WORK INSTRUCTION:
Each record that comes next should be output exactly; pictures do not belong in the copy.

(GIVEN RECORDS)

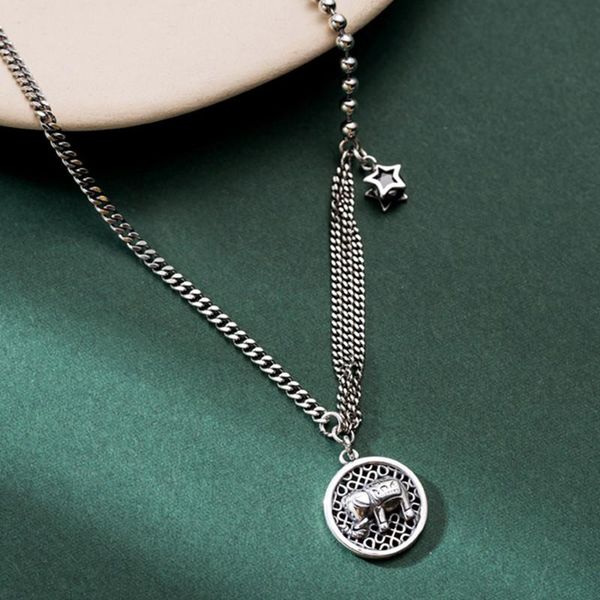 chains silver retro hip-hop style double-layer diamond-studded five-pointed star round brand necklace personality charm ladies jewelry
chains silver retro hip-hop style double-layer diamond-studded five-pointed star round brand necklace personality charm ladies jewelry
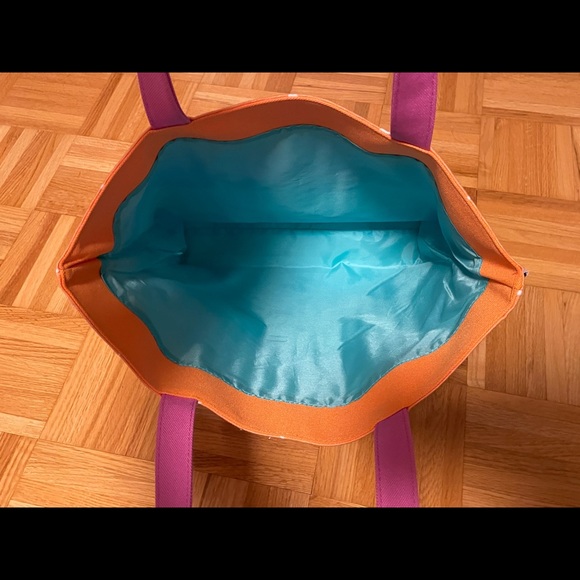 Kapitza x Clinique Tote Bag - Picture 3 of 8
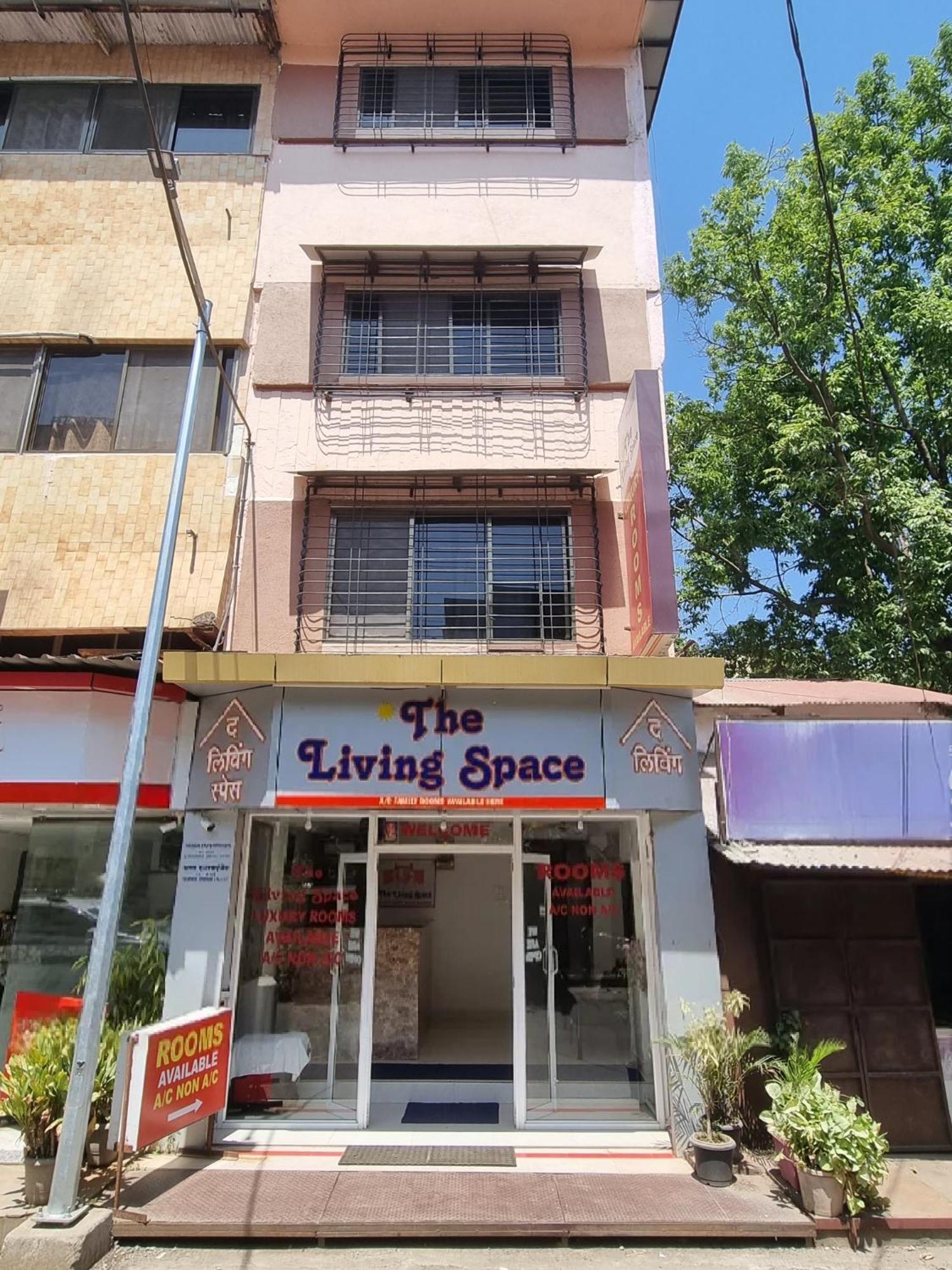 The Living Space Lonavala Buitenkant foto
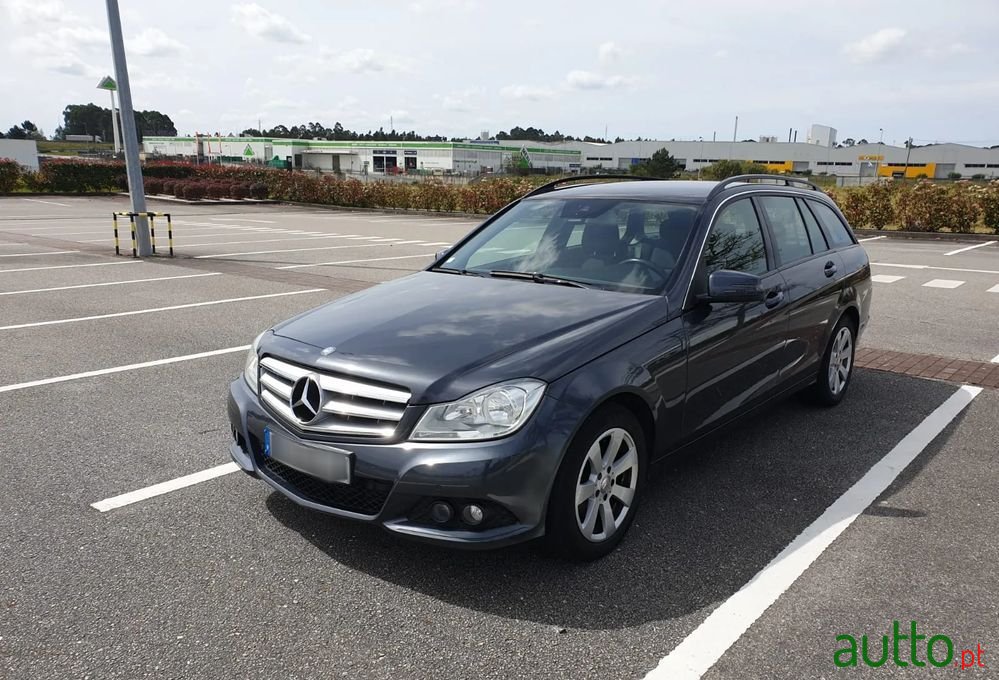 2013' Mercedes-Benz C 220 photo #4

(End GIVEN RECORDS)

RESULT FOR THIS TASK:
 chains silver retro hip-hop style double-layer diamond-studded five-pointed star round brand necklace personality charm ladies jewelry
chains silver retro hip-hop style double-layer diamond-studded five-pointed star round brand necklace personality charm ladies jewelry
 Kapitza x Clinique Tote Bag - Picture 3 of 8
 The Living Space Lonavala Buitenkant foto
 2013' Mercedes-Benz C 220 photo #4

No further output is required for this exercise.